STEP 4 — The Sensor Callbacks

Wind Speed — reads pulse count, calculates mph over the sampling interval:

int readWindSpeed(struct _task_entry_type* task, int idx, int) {
    uint32_t interval_ms = registry.getItem(idx)->update_interval_ms;
    AddTaskMilli(task, interval_ms, &readWindSpeed, idx, 0);

    // Drain pulse count from PIO FIFO — this resets it
    uint32_t pulses = drain_pulse_count(pio_wind, sm_wind);

    // Convert: pulses per interval -> rotations per second -> mph
    float rps = (float)pulses / ((float)interval_ms / 1000.0f);
    float mph = rps * WIND_MPH_PER_RPS;

    registry.set("wind_speed", mph);
    return 0;
}

Rain Gauge — reads pulse count, accumulates total, tracks hourly rate:

int readRainGauge(struct _task_entry_type* task, int idx, int) {
    uint32_t interval_ms = registry.getItem(idx)->update_interval_ms;
    AddTaskMilli(task, interval_ms, &readRainGauge, idx, 0);

    // Drain pulse count — resets the counter
    uint32_t tips = drain_pulse_count(pio_rain, sm_rain);

    if (tips > 0) {
        rain_total_inches += tips * RAIN_INCHES_PER_TIP;
    }

    // Push both total and rate into registry
    // Rate is extrapolated to inches/hr based on actual sampling interval
    float inches_this_interval = (float)tips * RAIN_INCHES_PER_TIP;
    float hours_per_interval   = (float)interval_ms / 3600000.0f;
    registry.set("rainfall",  rain_total_inches);
    registry.set("rain_rate", inches_this_interval / hours_per_interval);

    return 0;
}

Wind Direction — ADC lookup table, 8 or 16 position vane:

// Resistor ladder produces different voltages for each compass direction
// These are for a standard 8-position vane — calibrate to your actual hardware
// Values are ADC raw (0-4095 on RP2040 12-bit ADC), mapped to degrees
struct WindDirEntry { uint16_t adc_min; uint16_t adc_max; uint16_t degrees; };

static const WindDirEntry wind_dir_table[] = {
    {   0,  250,   0  },   // N
    { 251,  500,  45  },   // NE
    { 501,  850,  90  },   // E
    { 851, 1200, 135  },   // SE
    {1201, 1700, 180  },   // S
    {1701, 2200, 225  },   // SW
    {2201, 2800, 270  },   // W
    {2801, 4095, 315  },   // NW
};

int readWindVane(struct _task_entry_type* task, int idx, int) {
    AddTaskMilli(task, registry.getItem(idx)->update_interval_ms, &readWindVane, idx, 0);

    uint16_t raw = analogRead(PIN_WIND_DIR);
    uint16_t degrees = 0;

    for (int i = 0; i < 8; i++) {
        if (raw >= wind_dir_table[i].adc_min && raw <= wind_dir_table[i].adc_max) {
            degrees = wind_dir_table[i].degrees;
            break;
        }
    }

    registry.set("wind_direction", (float)degrees);
    return 0;
}

---

STEP 5 — Registry Entries to add to app_register_items()
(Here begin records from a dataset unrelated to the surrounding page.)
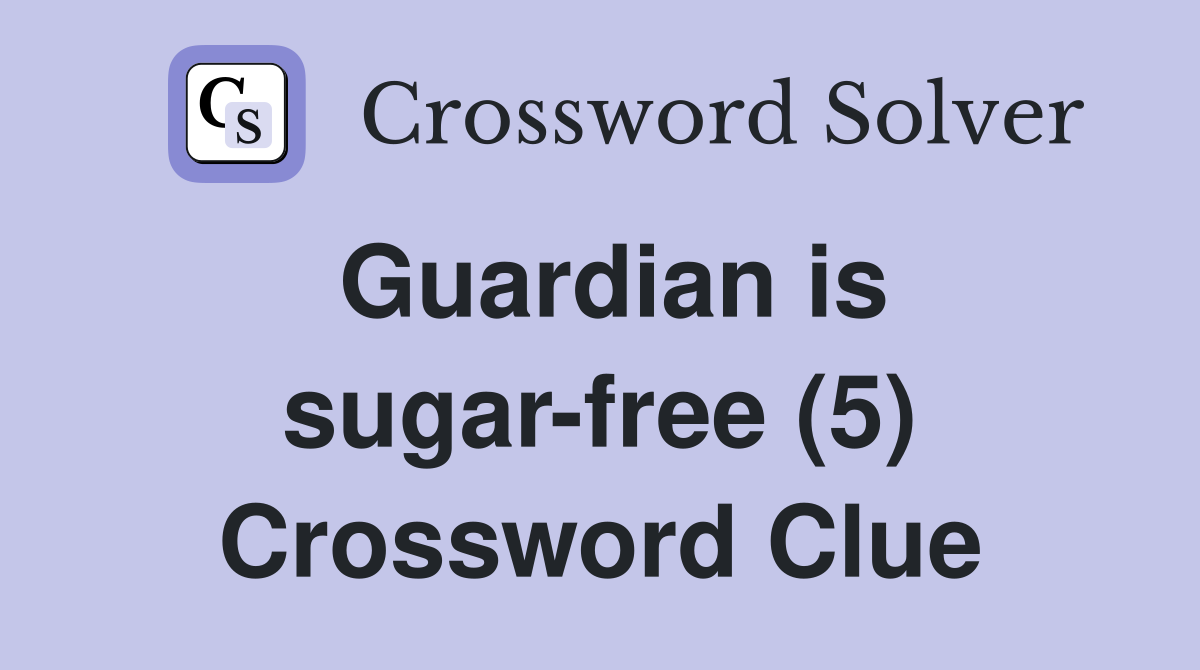 Guardian is sugar-free (5) Crossword Clue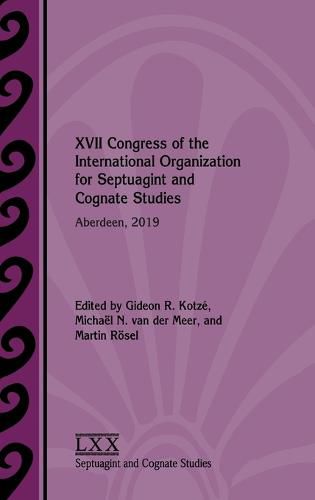 XVII Congress of the International Organization for Septuagint and Cognate Studies: Aberdeen, 2019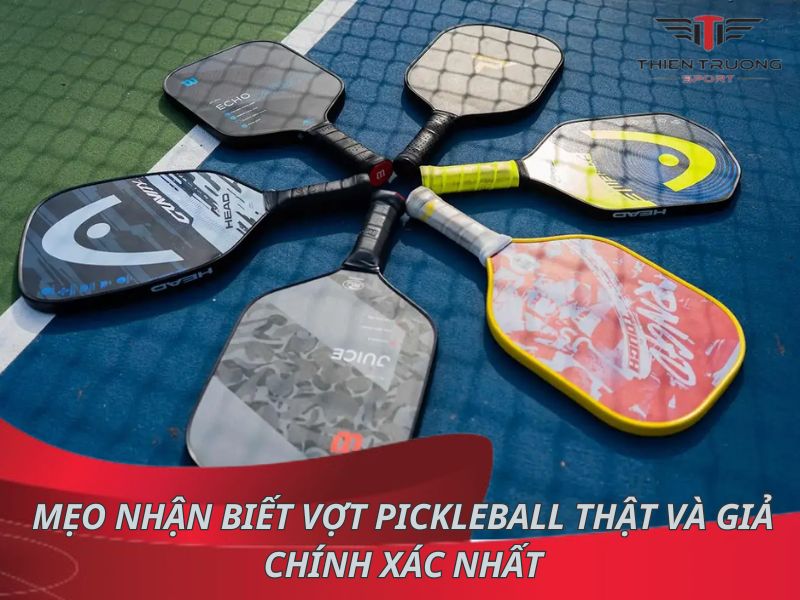 Mẹo nhận biết vợt pickleball thật và giả chính xác nhất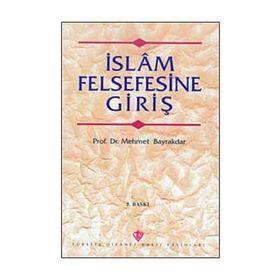 İslam Felsefesine Giriş - Mehmet Bayraktar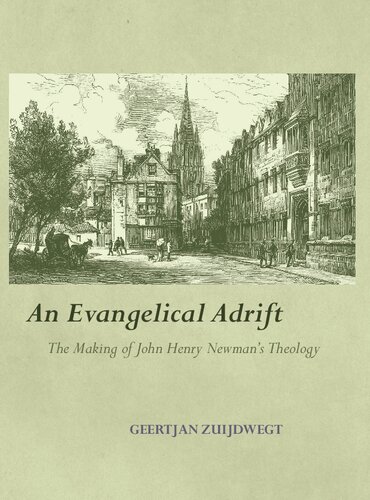 An Evangelical Adrift: The Making of John Henry Newman's Theology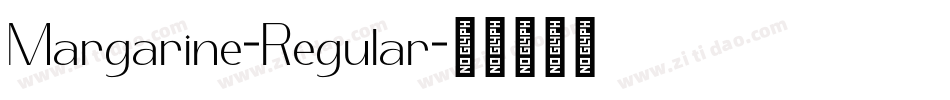 Margarine-Regular字体转换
SENSOR_AUTO("wind_speed",     "Wind Speed",      1000,  "mph",   readWindSpeed);
SENSOR_AUTO("wind_direction", "Wind Direction",  2000,  "°",     readWindVane);
SENSOR_AUTO("rain_rate",      "Rain Rate",      60000,  "in/hr", readRainGauge);
SENSOR_MANUAL("rainfall",     "Total Rainfall",  "in");  // updated by readRainGauge

And a reset button for the rain total:

CONTROL_BUTTON("rain_reset", "Reset Rain Total");

Then handle that button in controlLogicUpdate:

int controlLogicUpdate(struct _task_entry_type* task, int, int) {
    AddTaskMilli(task, 1000, &controlLogicUpdate, 0, 0);

    if (registry.get("rain_reset") > 0) {
        rain_total_inches = 0.0f;
        registry.set("rain_reset", 0.0f);
        registry.set("rainfall",   0.0f);
    }

    return 0;
}

The pulse_counter.pio file sits in your sketch folder. Arduino IDE picks it up automatically and the Philhower core runs pioasm on it at build time and generates the pulse_counter_program struct you reference in the C++ code. The only thing you'll need to calibrate to your specific hardware is the ADC lookup table for wind direction and the WIND_MPH_PER_RPS constant — both are on the datasheet of whatever anemometer you buy.